▶ _Data supplied_:
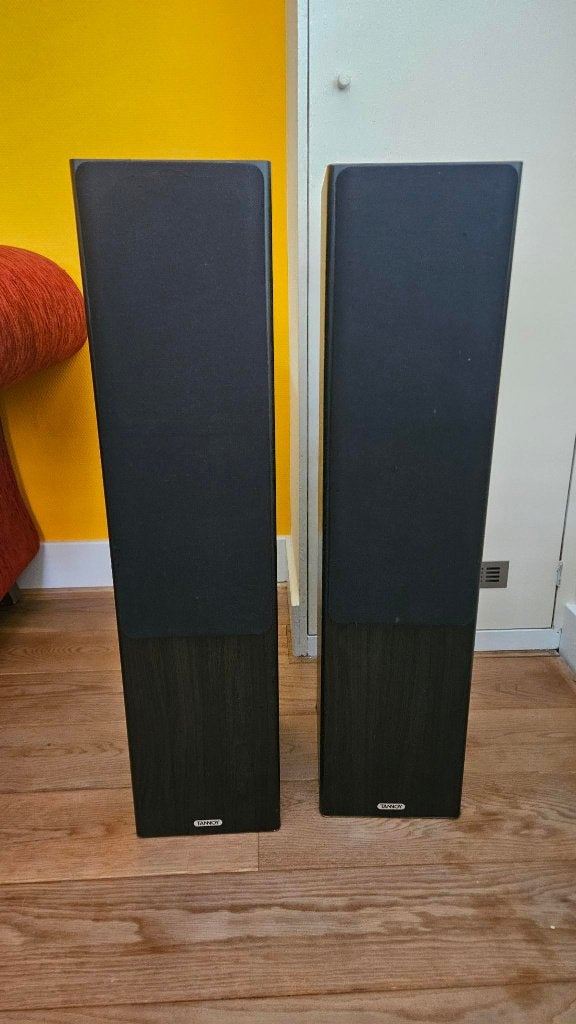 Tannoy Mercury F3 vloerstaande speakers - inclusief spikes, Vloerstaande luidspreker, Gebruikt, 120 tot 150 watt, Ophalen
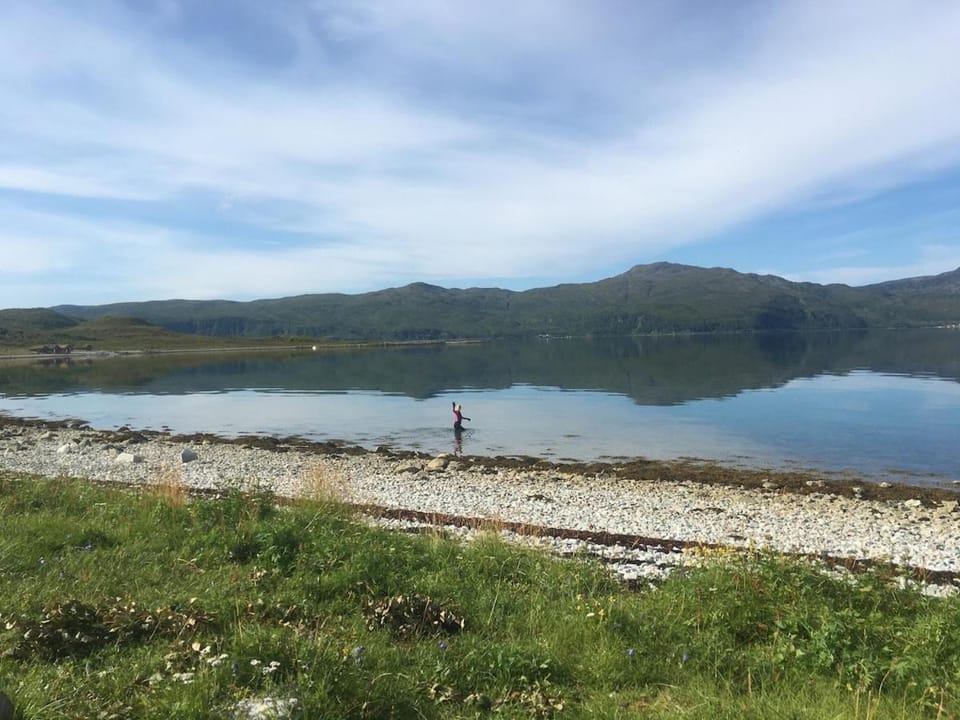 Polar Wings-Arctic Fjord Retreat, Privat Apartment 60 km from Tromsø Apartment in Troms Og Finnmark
==
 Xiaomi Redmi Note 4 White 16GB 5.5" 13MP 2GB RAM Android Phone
...
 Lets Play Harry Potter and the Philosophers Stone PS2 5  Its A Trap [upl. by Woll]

▶ _Task statement_: Here the job is to copy the stretch of records from the line containing "Tannoy Mercury F3" through the line containing "Polar Wings-Arctic Fjord", word for word. Leave every picture out.

▶ _Written answer_:
 Tannoy Mercury F3 vloerstaande speakers - inclusief spikes, Vloerstaande luidspreker, Gebruikt, 120 tot 150 watt, Ophalen
 Polar Wings-Arctic Fjord Retreat, Privat Apartment 60 km from Tromsø Apartment in Troms Og Finnmark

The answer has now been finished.